* _YOUR INSTRUCTIONS_
The whole listing below must be printed again exactly, images excluded.

* _DATA EXCERPT_
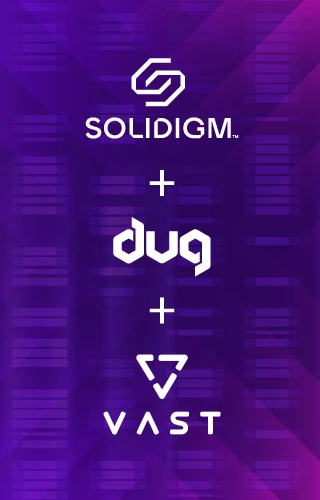 Solidigm, DUG, and VAST Data work together for AI high performance computing as a service.
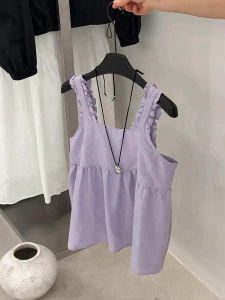 PAIBOLI | French Pure Desire Purple Lace Trim Strap Vest Womens Fashion Summer New Style Small Size Elegant Top Super Beautiful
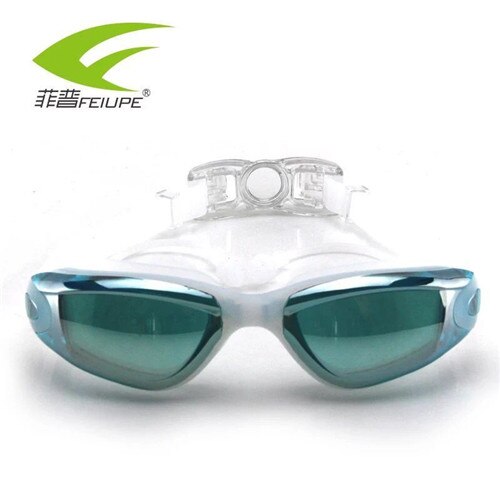 Zwembril, verstelbare siliconen zwembril met oordopjes, waterbestendig, anti-condens, uv-bescherming, dames, heren zwembril: M610 merenblauw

* _EXERCISE RESULT_
 Solidigm, DUG, and VAST Data work together for AI high performance computing as a service.
 PAIBOLI | French Pure Desire Purple Lace Trim Strap Vest Womens Fashion Summer New Style Small Size Elegant Top Super Beautiful
 Zwembril, verstelbare siliconen zwembril met oordopjes, waterbestendig, anti-condens, uv-bescherming, dames, heren zwembril: M610 merenblauw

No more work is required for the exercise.